Mahe, in his first major college coaching job, is also anxious, antsy and anticipating some fun times. What was not fun for the former Philadelphia Eagle punt returner was trying to keep up with his running backs on a routine conditioning run.
“We try to run with them and it’s comical to tell you the truth. It’s sad. They look at me and think, ‘Really? You were a professional athlete?’ It’s really bad.
“But they look good, I can tell you that much. He (Williams) just looks like a freak athlete. He looks like your prototypical tailback,” said Mahe.
Until this week, field work and practice have not been part of Mahe’s experience with BYU’s running backs due to NCAA rules.
“At the end of the day, I haven’t seen Williams with the ball. I haven’t seen any of them in practice or in pads. Our strength and conditioning staff has done a fantastic job with them and first and foremost keeps everyone healthy.

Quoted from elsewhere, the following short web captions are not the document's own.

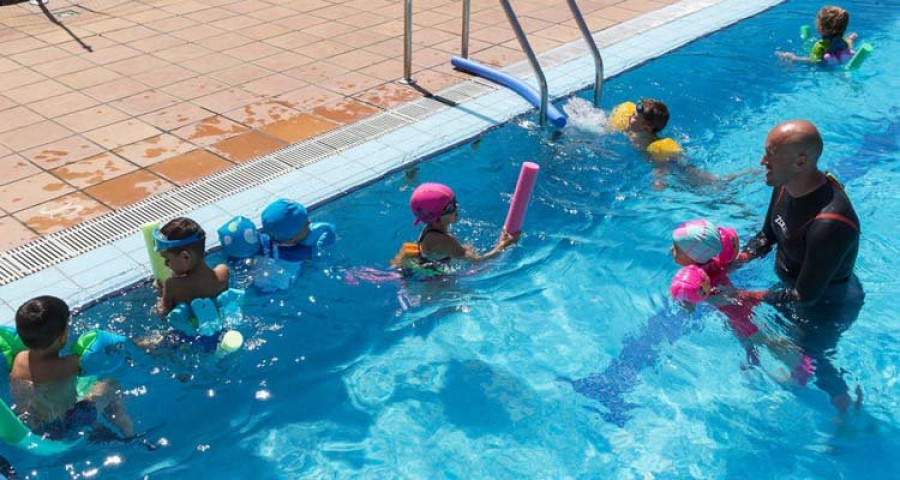 San Sadurniño incrementa las entradas a su piscina este verano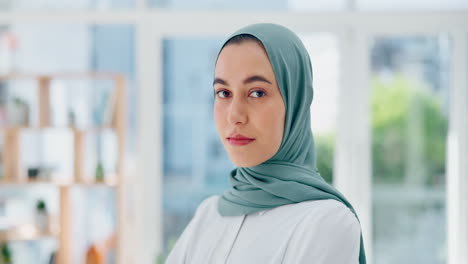 Kreative-Muslimische-Frau,-Gesicht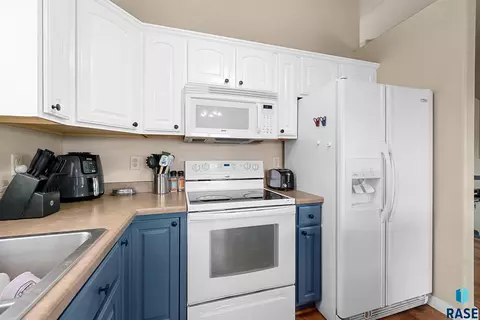 1300 E 68th St N, Sioux Falls, SD 57104 photo 6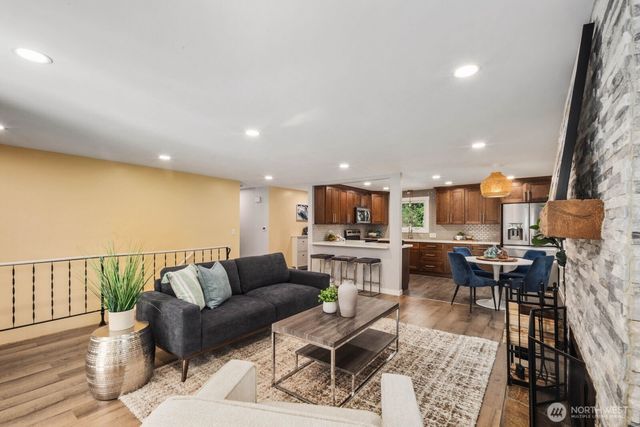 21866 35th Avenue S, Seatac, WA 98198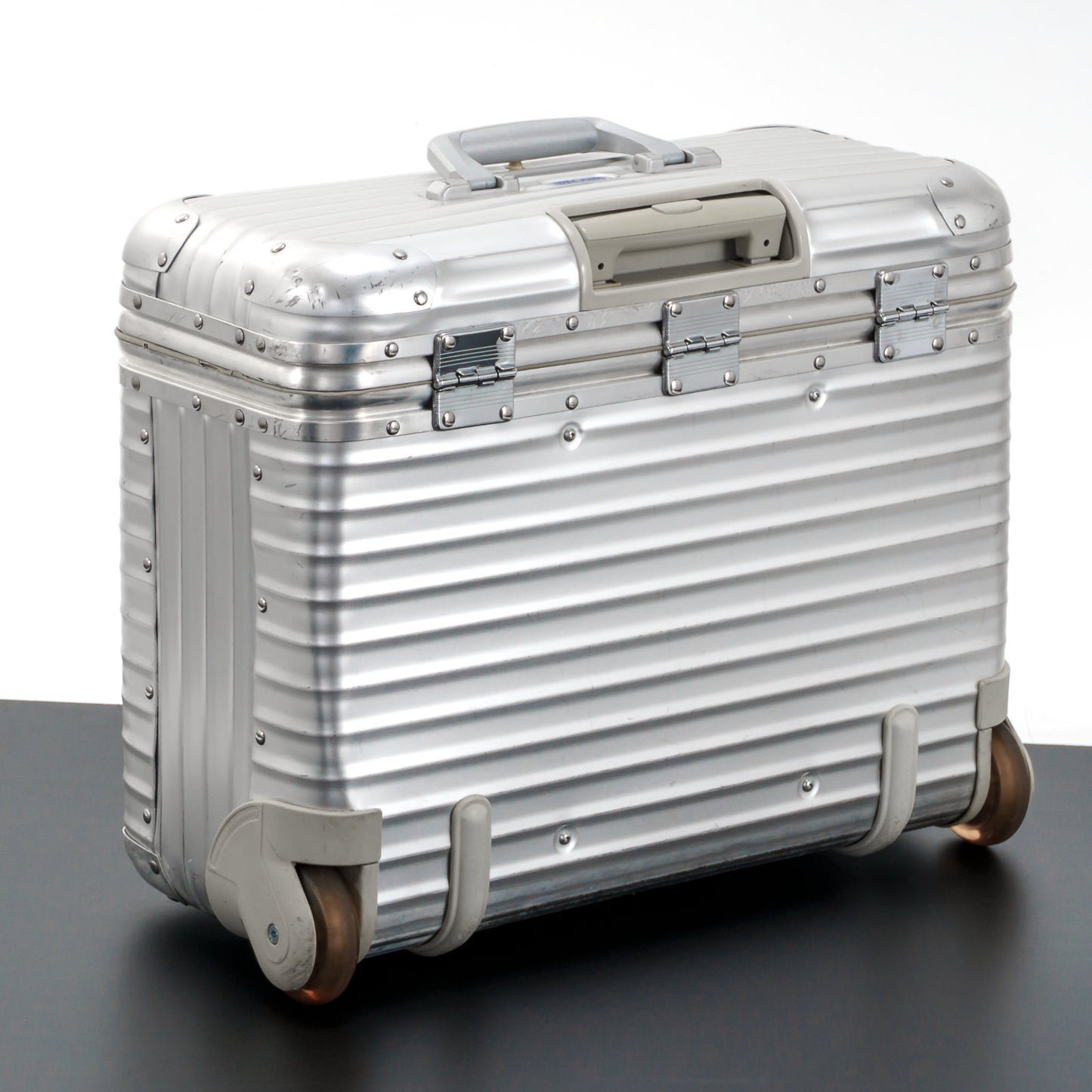 RIMOWA(リモワ) トパーズ 36L 2輪 パイロット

It doesn’t do any good to make them All-Americans in spring but have them hurt by fall.”
Mahe calls his new job “awesome” and a lifetime opportunity. “People told me how much fun it would be, but I had no idea I would love it as much as I do.” He says he’s lucky to have a pair of seniors like Williams and Algernon Brown to help him ease into his job because they are leaders, hard workers and set examples.
Mahe is most impressed by the caliber of athletes and character of his players. “Man, I think to myself how much further ahead in life these guys are than I was when I was their age. They are just great kids and when you see how crazy the world is and worry about the future of your own kids, you get around these players and think, ‘everything is going to be just fine with the future in their hands.’ They are amazing and it’s a humbling experience to be around them.”
In addition to Williams and Brown, running backs Mahe will work with this spring include Riley Burt, Squally Canada, Brayden El-Bakri, Bryan Engstrom, Colby Hansen, Toloa'i Ho Ching and Peter Welsh. Francis Bernard has moved to defense.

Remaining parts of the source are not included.